DATA FOR THIS EXERCISE:
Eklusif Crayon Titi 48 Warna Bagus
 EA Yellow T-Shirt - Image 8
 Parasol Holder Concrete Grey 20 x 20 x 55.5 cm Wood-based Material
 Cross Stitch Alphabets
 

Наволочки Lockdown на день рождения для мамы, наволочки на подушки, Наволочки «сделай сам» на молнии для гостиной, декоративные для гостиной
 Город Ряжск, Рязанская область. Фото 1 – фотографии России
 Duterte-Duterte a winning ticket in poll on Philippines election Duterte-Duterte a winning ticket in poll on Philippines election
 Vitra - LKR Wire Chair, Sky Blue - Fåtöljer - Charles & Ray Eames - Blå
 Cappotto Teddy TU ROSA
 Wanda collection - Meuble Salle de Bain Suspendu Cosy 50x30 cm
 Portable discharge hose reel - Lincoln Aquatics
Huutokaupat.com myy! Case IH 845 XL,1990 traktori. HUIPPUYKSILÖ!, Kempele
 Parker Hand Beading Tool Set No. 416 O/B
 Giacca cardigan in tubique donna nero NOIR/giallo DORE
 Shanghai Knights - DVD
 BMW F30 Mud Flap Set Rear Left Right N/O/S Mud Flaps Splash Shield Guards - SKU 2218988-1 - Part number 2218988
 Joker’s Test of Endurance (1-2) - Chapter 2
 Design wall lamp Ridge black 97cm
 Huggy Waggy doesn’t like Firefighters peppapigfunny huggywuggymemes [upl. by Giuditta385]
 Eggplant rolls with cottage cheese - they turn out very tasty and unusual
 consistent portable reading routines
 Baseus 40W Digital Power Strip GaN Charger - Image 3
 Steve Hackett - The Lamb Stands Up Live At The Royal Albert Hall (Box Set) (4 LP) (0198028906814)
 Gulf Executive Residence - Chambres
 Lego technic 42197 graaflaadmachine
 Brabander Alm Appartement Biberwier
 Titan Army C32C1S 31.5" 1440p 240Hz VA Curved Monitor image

TASK OBJECTIVE: Produce a verbatim copy of all the material.

TASK SOLUTION:
Eklusif Crayon Titi 48 Warna Bagus
 EA Yellow T-Shirt - Image 8
 Parasol Holder Concrete Grey 20 x 20 x 55.5 cm Wood-based Material
 Cross Stitch Alphabets
 

Наволочки Lockdown на день рождения для мамы, наволочки на подушки, Наволочки «сделай сам» на молнии для гостиной, декоративные для гостиной
 Город Ряжск, Рязанская область. Фото 1 – фотографии России
 Duterte-Duterte a winning ticket in poll on Philippines election Duterte-Duterte a winning ticket in poll on Philippines election
 Vitra - LKR Wire Chair, Sky Blue - Fåtöljer - Charles & Ray Eames - Blå
 Cappotto Teddy TU ROSA
 Wanda collection - Meuble Salle de Bain Suspendu Cosy 50x30 cm
 Portable discharge hose reel - Lincoln Aquatics
Huutokaupat.com myy! Case IH 845 XL,1990 traktori. HUIPPUYKSILÖ!, Kempele
 Parker Hand Beading Tool Set No. 416 O/B
 Giacca cardigan in tubique donna nero NOIR/giallo DORE
 Shanghai Knights - DVD
 BMW F30 Mud Flap Set Rear Left Right N/O/S Mud Flaps Splash Shield Guards - SKU 2218988-1 - Part number 2218988
 Joker’s Test of Endurance (1-2) - Chapter 2
 Design wall lamp Ridge black 97cm
 Huggy Waggy doesn’t like Firefighters peppapigfunny huggywuggymemes [upl. by Giuditta385]
 Eggplant rolls with cottage cheese - they turn out very tasty and unusual
 consistent portable reading routines
 Baseus 40W Digital Power Strip GaN Charger - Image 3
 Steve Hackett - The Lamb Stands Up Live At The Royal Albert Hall (Box Set) (4 LP) (0198028906814)
 Gulf Executive Residence - Chambres
 Lego technic 42197 graaflaadmachine
 Brabander Alm Appartement Biberwier
 Titan Army C32C1S 31.5" 1440p 240Hz VA Curved Monitor image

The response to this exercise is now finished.